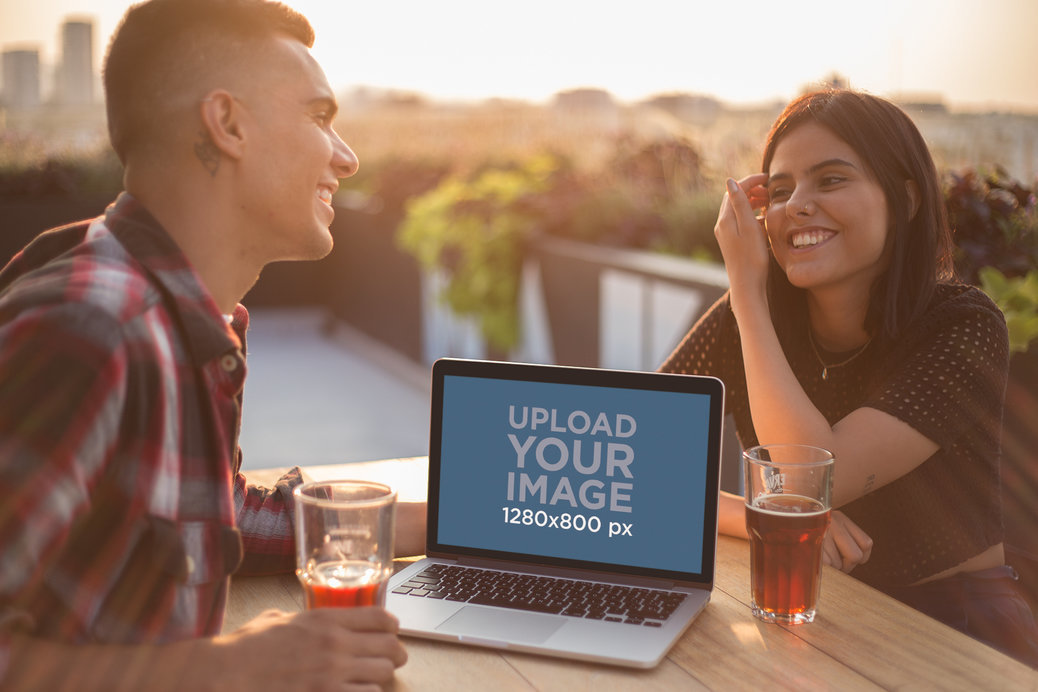 Man and Woman Laughing with a MacBook Mockup on the Table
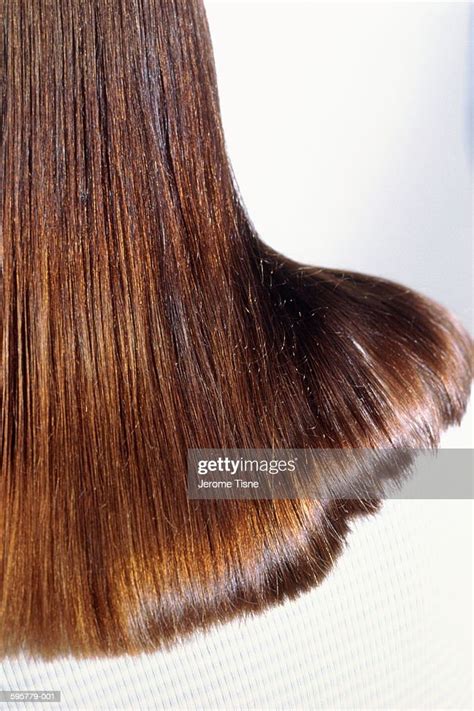 woman with long brown hair falling across shoulderback viewcloseup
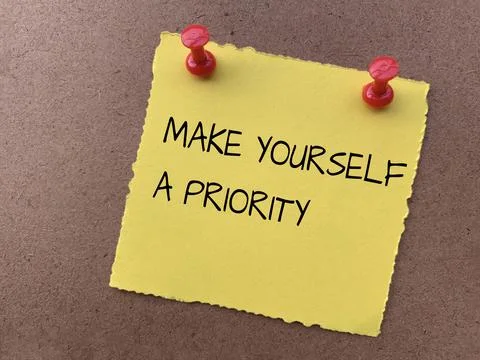 Make yourself a priority text on yellow notepad with wooden background. Motiv Stock Photos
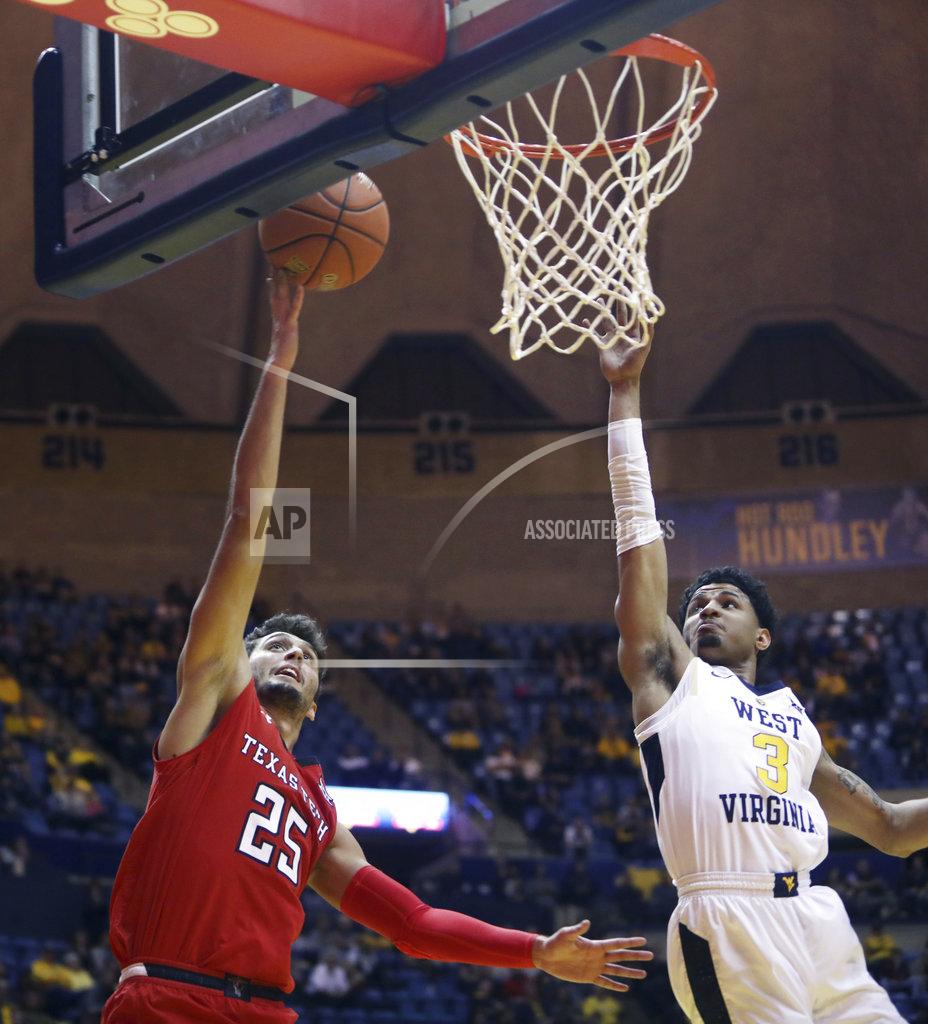 Ray Thompson Texas Tech guard Davide Moretti (25) drives to the basket while defended by West Virginia guard James Bolden (3) during the first half of an NCAA college basketball game Wednesday, Jan. 2, 2019, in Morgantown, W.Va. (AP Photo/Raymond Thompson)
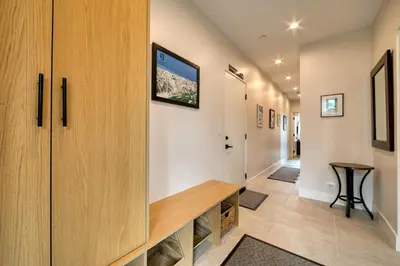 a hallway of a house with wooden cabinets and a table at Lightning Run at Palisades - 3 BR 3 BA Condo steps to Palisades Tahoe- Ski Shuttle in Olympic Valley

- - - - -

** WORK ORDER **
Retype the records exactly. Any image in them should not appear in what you write.

** RESPONSE BOX **
 Man and Woman Laughing with a MacBook Mockup on the Table
 woman with long brown hair falling across shoulderback viewcloseup
 Make yourself a priority text on yellow notepad with wooden background. Motiv Stock Photos
 Ray Thompson Texas Tech guard Davide Moretti (25) drives to the basket while defended by West Virginia guard James Bolden (3) during the first half of an NCAA college basketball game Wednesday, Jan. 2, 2019, in Morgantown, W.Va. (AP Photo/Raymond Thompson)
 a hallway of a house with wooden cabinets and a table at Lightning Run at Palisades - 3 BR 3 BA Condo steps to Palisades Tahoe- Ski Shuttle in Olympic Valley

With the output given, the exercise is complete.